The couple are now working toward their 100-ton captain’s license.
Once certified, they launched their family cruise up the East Coast, stopping in Wilmington, North Carolina, for a month before cruising back to Smithfield. They don’t plan to dock long in any one place and when they cruise, they plan to anchor, not dock.
“We want to see places you wouldn’t ordinarily see,” Rob said.
A boat that big requires a team effort, and the young Kaplan crew was ready. Will and Caroline are the eyes on deck when the boat docks and deal with often much older dockmasters.

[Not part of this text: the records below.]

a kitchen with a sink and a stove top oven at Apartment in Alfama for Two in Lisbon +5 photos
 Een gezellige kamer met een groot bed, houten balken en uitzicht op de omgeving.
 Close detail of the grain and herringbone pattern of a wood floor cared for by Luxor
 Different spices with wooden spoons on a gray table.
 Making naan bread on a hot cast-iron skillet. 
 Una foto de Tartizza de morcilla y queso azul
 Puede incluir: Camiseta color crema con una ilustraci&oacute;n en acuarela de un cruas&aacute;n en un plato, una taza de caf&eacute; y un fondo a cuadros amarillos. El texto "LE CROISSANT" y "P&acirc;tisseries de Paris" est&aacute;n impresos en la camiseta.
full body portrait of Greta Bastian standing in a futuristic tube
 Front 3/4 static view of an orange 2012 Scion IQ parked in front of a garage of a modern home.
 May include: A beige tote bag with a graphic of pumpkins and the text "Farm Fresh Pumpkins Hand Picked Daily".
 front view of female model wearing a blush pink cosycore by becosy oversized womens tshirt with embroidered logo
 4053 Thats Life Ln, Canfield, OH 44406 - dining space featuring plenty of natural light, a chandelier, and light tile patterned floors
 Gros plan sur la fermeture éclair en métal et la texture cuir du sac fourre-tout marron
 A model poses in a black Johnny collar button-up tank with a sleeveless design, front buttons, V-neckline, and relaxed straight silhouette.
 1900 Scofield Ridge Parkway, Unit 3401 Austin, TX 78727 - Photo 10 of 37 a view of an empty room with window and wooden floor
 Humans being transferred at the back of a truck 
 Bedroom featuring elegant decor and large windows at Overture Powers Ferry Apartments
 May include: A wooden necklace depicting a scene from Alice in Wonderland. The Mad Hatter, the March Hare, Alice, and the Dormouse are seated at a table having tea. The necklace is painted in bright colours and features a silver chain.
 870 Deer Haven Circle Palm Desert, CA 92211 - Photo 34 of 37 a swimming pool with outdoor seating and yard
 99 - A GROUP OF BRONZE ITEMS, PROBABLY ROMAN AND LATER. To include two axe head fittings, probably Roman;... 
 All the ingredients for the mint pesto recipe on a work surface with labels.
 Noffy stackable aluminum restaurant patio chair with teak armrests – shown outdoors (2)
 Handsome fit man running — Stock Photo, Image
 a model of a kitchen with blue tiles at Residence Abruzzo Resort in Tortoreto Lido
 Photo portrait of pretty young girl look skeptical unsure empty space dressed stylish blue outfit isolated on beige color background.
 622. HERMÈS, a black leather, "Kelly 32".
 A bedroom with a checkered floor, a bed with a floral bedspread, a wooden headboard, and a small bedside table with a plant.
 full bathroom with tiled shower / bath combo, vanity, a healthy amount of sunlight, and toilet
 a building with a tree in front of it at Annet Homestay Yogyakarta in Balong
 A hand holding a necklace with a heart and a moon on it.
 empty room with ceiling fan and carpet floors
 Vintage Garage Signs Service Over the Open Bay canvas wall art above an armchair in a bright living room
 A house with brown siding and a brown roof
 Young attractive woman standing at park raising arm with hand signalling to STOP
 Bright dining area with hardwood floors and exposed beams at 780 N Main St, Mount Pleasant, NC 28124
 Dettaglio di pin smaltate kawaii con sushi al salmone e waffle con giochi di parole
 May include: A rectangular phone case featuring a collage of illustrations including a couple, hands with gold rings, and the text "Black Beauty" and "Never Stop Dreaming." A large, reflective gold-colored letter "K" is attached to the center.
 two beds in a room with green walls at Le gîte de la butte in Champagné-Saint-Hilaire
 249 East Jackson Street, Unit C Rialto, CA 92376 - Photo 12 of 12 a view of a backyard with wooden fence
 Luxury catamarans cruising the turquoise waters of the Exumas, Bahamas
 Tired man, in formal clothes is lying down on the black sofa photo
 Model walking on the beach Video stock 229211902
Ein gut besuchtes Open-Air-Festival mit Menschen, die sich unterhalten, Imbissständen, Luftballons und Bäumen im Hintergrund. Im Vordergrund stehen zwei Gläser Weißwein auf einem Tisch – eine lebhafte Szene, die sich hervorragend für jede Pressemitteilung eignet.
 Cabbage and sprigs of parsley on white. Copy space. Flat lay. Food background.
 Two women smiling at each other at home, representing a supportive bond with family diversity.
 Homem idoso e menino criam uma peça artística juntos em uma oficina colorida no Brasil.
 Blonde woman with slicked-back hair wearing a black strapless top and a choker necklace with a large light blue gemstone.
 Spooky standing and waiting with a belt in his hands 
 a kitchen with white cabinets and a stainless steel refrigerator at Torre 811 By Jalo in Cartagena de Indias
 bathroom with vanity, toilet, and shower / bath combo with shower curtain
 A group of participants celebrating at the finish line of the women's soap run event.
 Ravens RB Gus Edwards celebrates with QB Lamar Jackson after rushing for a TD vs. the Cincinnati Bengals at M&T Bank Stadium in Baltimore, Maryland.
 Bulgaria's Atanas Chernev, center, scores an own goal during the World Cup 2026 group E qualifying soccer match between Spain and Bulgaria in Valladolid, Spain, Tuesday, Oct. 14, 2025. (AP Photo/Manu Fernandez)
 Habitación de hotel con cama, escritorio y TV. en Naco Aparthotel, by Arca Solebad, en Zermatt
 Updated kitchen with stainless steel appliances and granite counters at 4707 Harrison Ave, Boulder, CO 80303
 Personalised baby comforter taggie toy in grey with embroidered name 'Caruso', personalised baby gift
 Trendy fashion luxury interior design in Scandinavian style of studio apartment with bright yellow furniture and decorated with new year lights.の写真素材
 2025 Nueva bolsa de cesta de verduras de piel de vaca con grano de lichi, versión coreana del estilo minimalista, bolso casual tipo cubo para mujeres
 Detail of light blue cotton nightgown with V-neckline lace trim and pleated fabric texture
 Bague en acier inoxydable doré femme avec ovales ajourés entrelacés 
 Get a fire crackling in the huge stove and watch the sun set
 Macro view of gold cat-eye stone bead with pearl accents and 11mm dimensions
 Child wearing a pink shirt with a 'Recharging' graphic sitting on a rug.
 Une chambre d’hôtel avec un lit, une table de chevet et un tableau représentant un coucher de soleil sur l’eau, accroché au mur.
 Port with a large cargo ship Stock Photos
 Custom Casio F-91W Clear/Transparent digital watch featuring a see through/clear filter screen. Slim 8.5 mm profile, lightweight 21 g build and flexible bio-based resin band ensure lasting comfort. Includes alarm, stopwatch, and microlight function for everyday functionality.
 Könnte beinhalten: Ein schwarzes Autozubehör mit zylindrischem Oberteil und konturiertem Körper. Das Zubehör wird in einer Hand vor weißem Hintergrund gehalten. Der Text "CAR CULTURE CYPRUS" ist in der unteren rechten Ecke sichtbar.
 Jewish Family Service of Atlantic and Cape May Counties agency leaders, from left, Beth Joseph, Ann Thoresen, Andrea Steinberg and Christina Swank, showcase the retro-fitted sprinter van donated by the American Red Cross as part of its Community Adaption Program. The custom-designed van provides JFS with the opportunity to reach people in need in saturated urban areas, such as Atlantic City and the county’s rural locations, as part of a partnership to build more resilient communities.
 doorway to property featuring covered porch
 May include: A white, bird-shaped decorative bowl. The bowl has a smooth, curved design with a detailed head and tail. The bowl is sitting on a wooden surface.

Five months into the adventure, their future itinerary includes cruising south along the East Coast, arriving in Florida for the Christmas holidays, then on to the Bahamas before returning to South Florida.
The Kaplans said that many people envision life aboard as cocktails on the afterdeck, not realizing the flexibility required when the weather turns, an engine fails or the gas tanks are empty.
They’ve learned to plan two or three days ahead and then develop plans B, C, and D to cope with the unexpected — such as the time all the gas gauges failed, and they ran out of gas thinking they were at half capacity.
Still, “You have to love boating,” Kristen said — and there are the starry nights, the peace and quiet, the adventure of new places, the family closeness. But what is the reality of daily life aboard?
The three girls love living aboard, but miss their friends and land activities. Daisy still misses her guinea pigs. Will doesn’t like living aboard, misses his friends and his travel soccer team, but has become a budding chef, with sushi his specialty.
The Kaplans hope to hire a nanny to help with the homeschooling.
Jaeger, the lab mix, and Meister, the black cat, who was potty trained, have adjusted to life aboard.
Jaeger, however, still misses grass and remains dubious about the AstroTurf mat brought along for him.
The family grocery shops on foot or on the four bikes and a scooter they brought along, so they try to buy in bulk when possible.
Rob and Kristen coordinate their business travel and when a trip comes up for either one, find a marina near an airport.
“You have to balance the costs and the sacrifices,” Rob said. “This is truly a unique time that could not have happened before the pandemic, as our careers would not allow that. I’m almost 51, and soon Will enters high school, so we thought if we don’t take this trip with the family now, we never will.”